A satellite is moving very close to a planet of density \(\rho.\) The time period of the satellite is:
1. \(\sqrt{\frac{3 \pi}{ρG}}\)
2. \(\left(\frac{3 \pi}{ρG}\right)^{3 / 2}\)
3. \(\sqrt{\frac{3 \pi}{2 ρG}}\)
4. \(\left(\frac{3 \pi}{2 ρG}\right)^{3 / 2}\)

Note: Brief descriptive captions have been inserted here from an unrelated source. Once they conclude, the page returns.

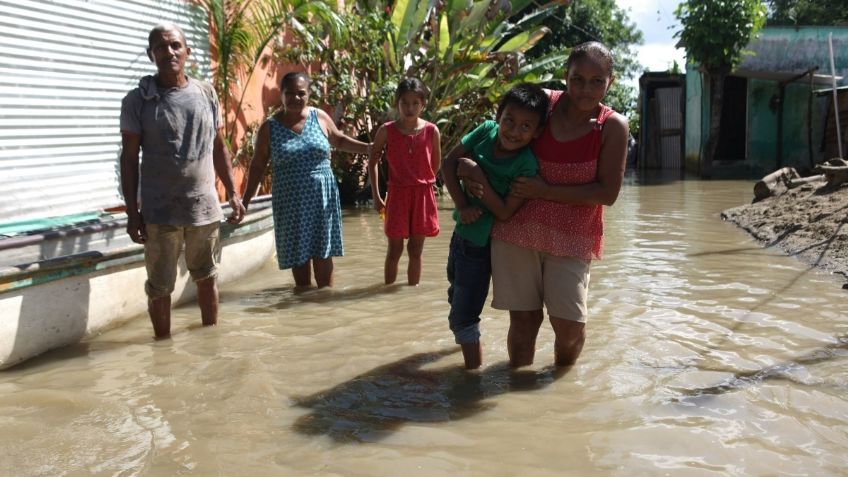 Cruz Roja Mexicana ha repartido 122 toneladas de ayuda humanitaria en Tabasco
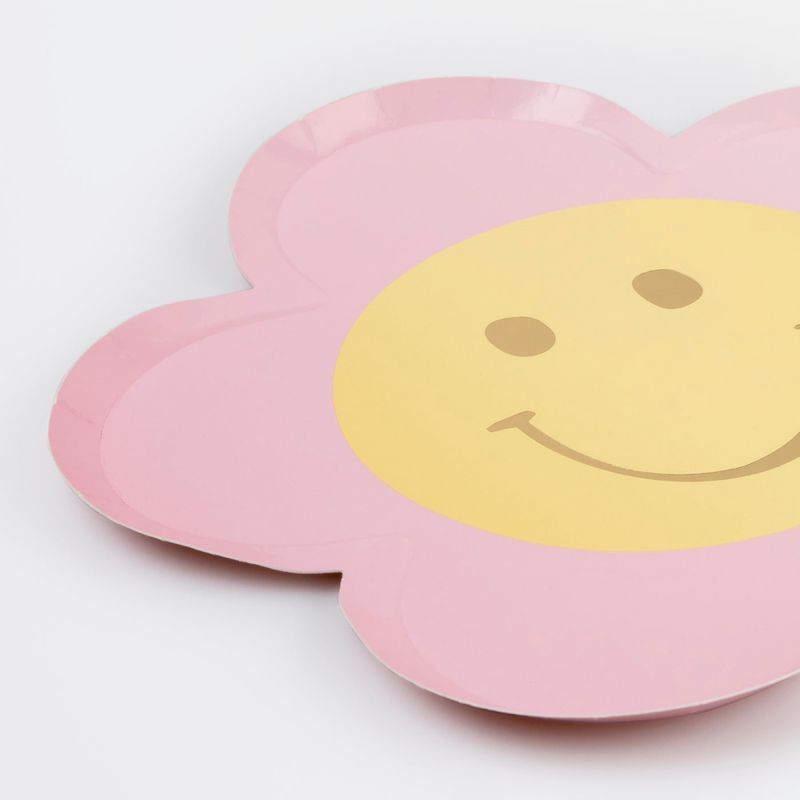 PAPPASJETTER – Blomst med smil – 8-pk – Meri Meri
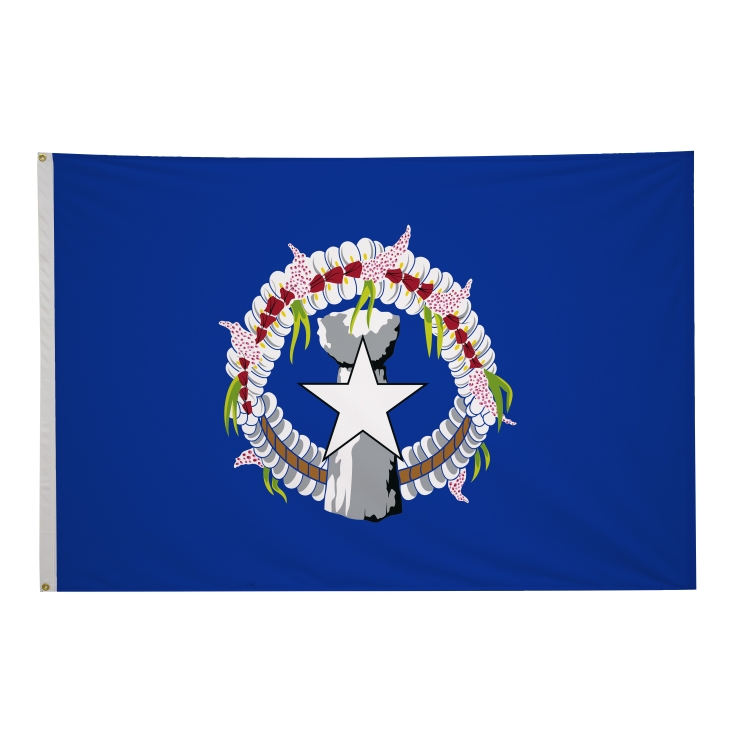 4' x 6' State Flags 44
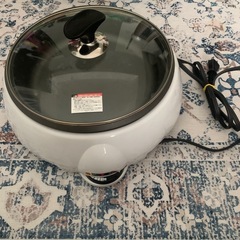 電気グリル鍋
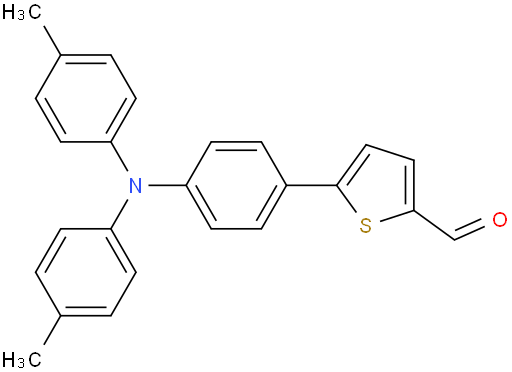 5-(4-(二对甲苯基氨基)苯基)噻吩-2-甲醛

The gravitational potential difference between the surface of a planet and 10 m above is 5 J/kg. If the gravitational field is supposed to be uniform, the work done in moving a 2 kg mass from the surface of the planet to a height of 8 m is

1.  2J

2.  4J

3.  6J

4.  8J

If \(A\) is the areal velocity of a planet of mass \(M,\) then its angular momentum is:

The satellite of mass m orbiting around the earth in a circular orbit with a velocity v. The total energy will be:

1.  $\frac{3}{4}{\mathrm{mv}}^2$

2.  $\frac{1}{2}{\mathrm{mv}}^2$

3.  $-\frac{1}{2}{\mathrm{mv}}^2$

4.  ${\mathrm{mv}}^2$

A projectile fired vertically upwards with a speed v escapes from the earth. If it is to be fired at 45$°$ to the horizontal, what should be its speed so that it escapes from the earth?

1.  v

2.  $\frac{\mathrm{v}}{\sqrt{2}}$

3.  $\sqrt{2}\mathrm{v}$

4.  2v

Kepler's second law regarding constancy of the areal velocity of a planet is a consequence of the law of conservation of:

1. Energy

2. Linear momentum

3. Angular momentum

4. Mass

A thin rod of length L is bent to form a semicircle. The mass of the rod is M. The gravitational potential at the centre of the circle is :

1. $-\frac{\mathrm{GM}}{\mathrm{L}}$

2. $-\frac{\mathrm{GM}}{2\mathrm{\pi L}}$

3. $-\frac{\mathrm{\pi GM}}{2\mathrm{L}}$

4. $-\frac{\mathrm{\pi GM}}{\mathrm{L}}$

Weightlessness experienced while orbiting the earth in a space-ship is the result of:

1. Inertia                        
2. Acceleration
3. Zero gravity
4. Freefall towards the earth

The escape velocity from the earth is about 11 km/second. The escape velocity from a planet having twice the radius and the same mean density as the earth is

(1) 22 km/sec                               (2) 11 km/sec

(3) 5.5 km/sec                               

(4) 15.5 km/sec

If g is the acceleration due to gravity at the earth's surface and r is the radius of the earth, the escape velocity for the body to escape out of the earth's gravitational field is:

(1) gr                                       

(2) $\sqrt{2gr}$

(3) g/r                                       

(4) r/g